We hear a lot of chatter just now about the front, middle and centre portions of the total cloud computing technology proposition. At the same time, we hear comparatively little discussion and analysis of the back end, the engine room and the guts of the networked traffic that flows through the Internet pipe to and from the cloud.
But why should we care about the back end of the cloud back office, so-to-speak?
Although data and application security is surely the key consideration for discussion at deeper network layers; we already know that data in the cloud is only as secure as the controls that we might place upon it if were residing on a “normal” terrestrial desktop, device or server.
So the issue of additional security risks (or, conversely, additional opportunities for data lock-down) is largely over before it has begun, surely?
Despite this popularised thinking, it is still the case that the opportunity to stop malicious web-based attacks earlier in the network perimeter layer.
Network perimeter intelligence
By working to analyse the IP address level, new cloud-based IP intelligence services are emerging that are intelligent enough to evaluate the reputation of Internet hosts at source. These technologies are capable of aggregating and then analysing data from multiple sources to collate and deliver real-time IP threat information to cloud network managers.
Companies working in this space include F5 Networks who describe these tools as "context-based security" controls, saying that they pave the way for more automated application delivery decisions.
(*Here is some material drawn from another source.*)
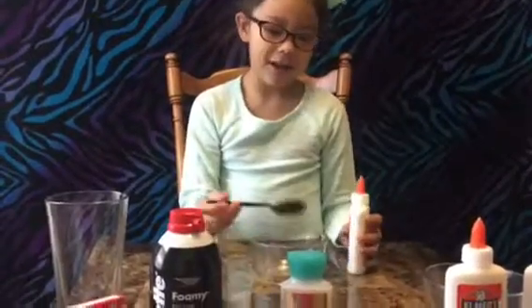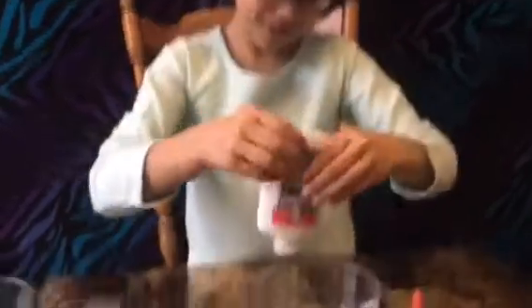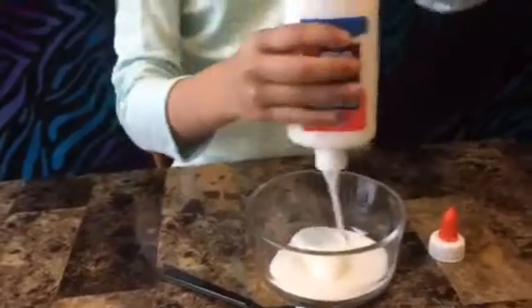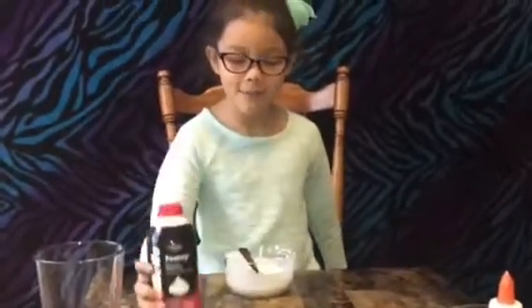We're going to put some glue in here, and we're just going to use one bottle in there, and we're going to pour it in. We added some, and we're done putting the glue, so now we're going to do some shaving cream — and the more you put, the better.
According to F5, “Although existing ‘IP Reputation’ point-focused solutions will block malicious IP addresses, they will not work to integrate with applications themselves at the cloud service level so that a more complete and dynamic application delivery control proposition can be brought about.”
By tapping into a frequently updated list of threat sources and high-risk IP addresses, F5 says that this so-called “contextual awareness” that exists with IP Intelligence results from traffic reports of client IP addresses as logged within the X-Forwarded-For (XFF) header when analysed from multiple sources across the Internet as well as information from global threat-sensor network reports.
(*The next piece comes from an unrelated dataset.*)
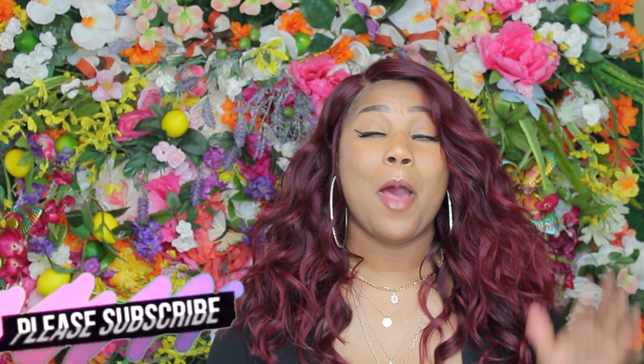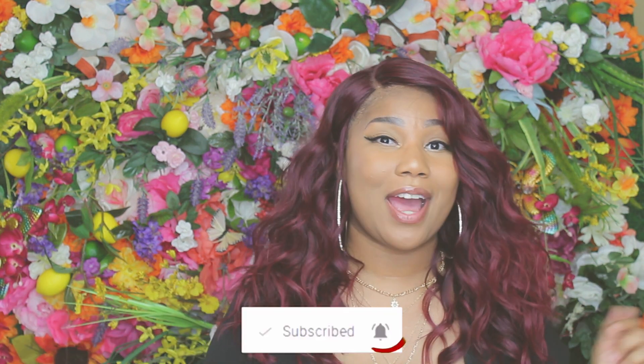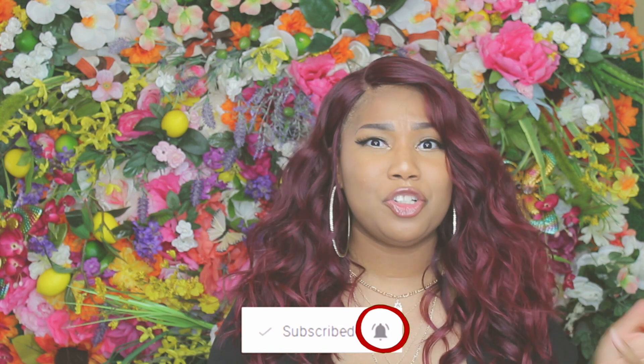Hi guys, welcome back to my channel. If you like videos like this, make sure you like, comment, and subscribe. Hit that bell so you'll be notified every time I upload, and make sure you share my videos. Let's get right into it.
But surely we should take it as a “given” that network security by its nature should have an awareness of its surrounding environment, including where that data is coming from and going to.
Peter Doggart, director of product marketing at Crossbeam Systems argues that in a cloud environment (where you have potentially many thousands of virtual machines with different trust zones) network layer intelligence built into network security equipment is vital to classify the flow of virtual machine traffic and to ensure the right amount of inspection is taking place.
“For instance, you will want to ringfence any virtual system that is transacting credit card payment information from other web services with a variety of security tools such as Firewall, IPS and WAF,” said Doggart.
“The key here is to make this process as automated as possible and integrate the management within the data centre management tools, so when services move – which often happens – security trust zones always follow.”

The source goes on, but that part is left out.